The Invisible Costs of Cyber Weapons - Defense One: Max Smeets’ take on the cost of cyber weapons is a thoughtful piece about the economics of cyber warfare, and the article is a useful point of departure on this topic. However, a few additional points not discussed by Smeets are worth considering, and they all point in the direction of higher costs that his piece might predict.
Begin with the fact that the economics for cyber weapons usable in a military context are fundamentally different than for kinetic weapons. With the latter, military power is highly correlated with number—specifically, the number of identical units of a given weapon. One hundred tanks (with crews, logistics, etc.) provides more military power than one tank. That is, for kinetic weapons, military power accrues as the result of procurement processes.
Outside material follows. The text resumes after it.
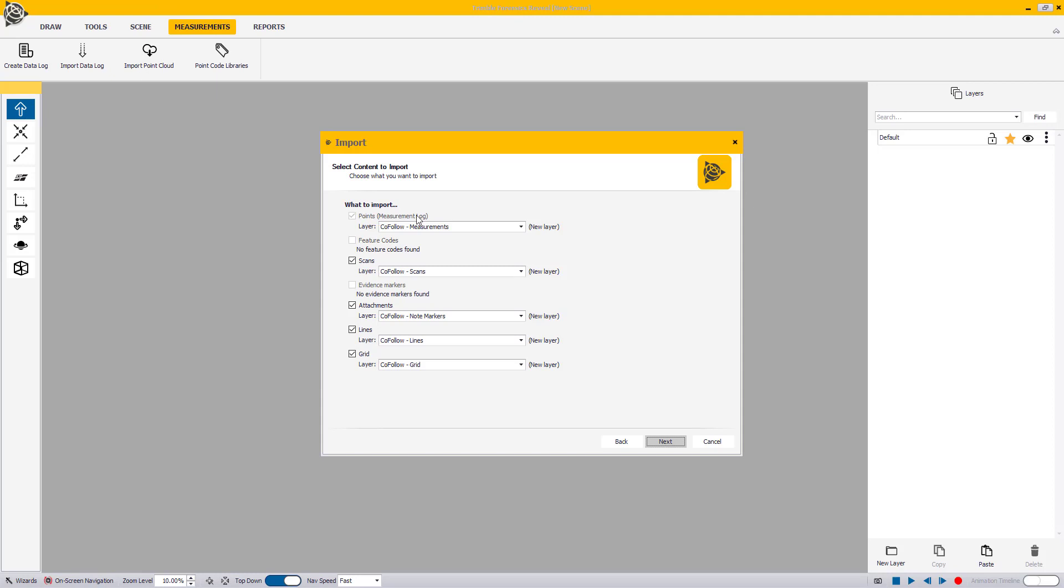You have the option to include or exclude feature codes, scans, evidence markers, attachments, lines, or grid from the import process.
Not so for cyber weapons. No one would argue that a nation has more cyber power in a military sense if it has 100 identical CD-ROMs with a software-based cyber weapon on it. For cyber weapons, military power accrues as the result of research and development (R&D) processes.
So what? In the weapons acquisition process, R&D costs are amortized over multiple copies of a weapon. The effectiveness of a cyber weapon is a very strong function of the target’s characteristics. For example, the smallest change in configuration of the target can under many circumstances completely negate the effectiveness of a cyber weapon against it. To successfully attack two cyber targets that are almost identical may require two very different cyber weapons employing two different approaches to achieving their destructive effects. The coupling between weapons effectiveness and target characteristics is much weaker for kinetic weapons.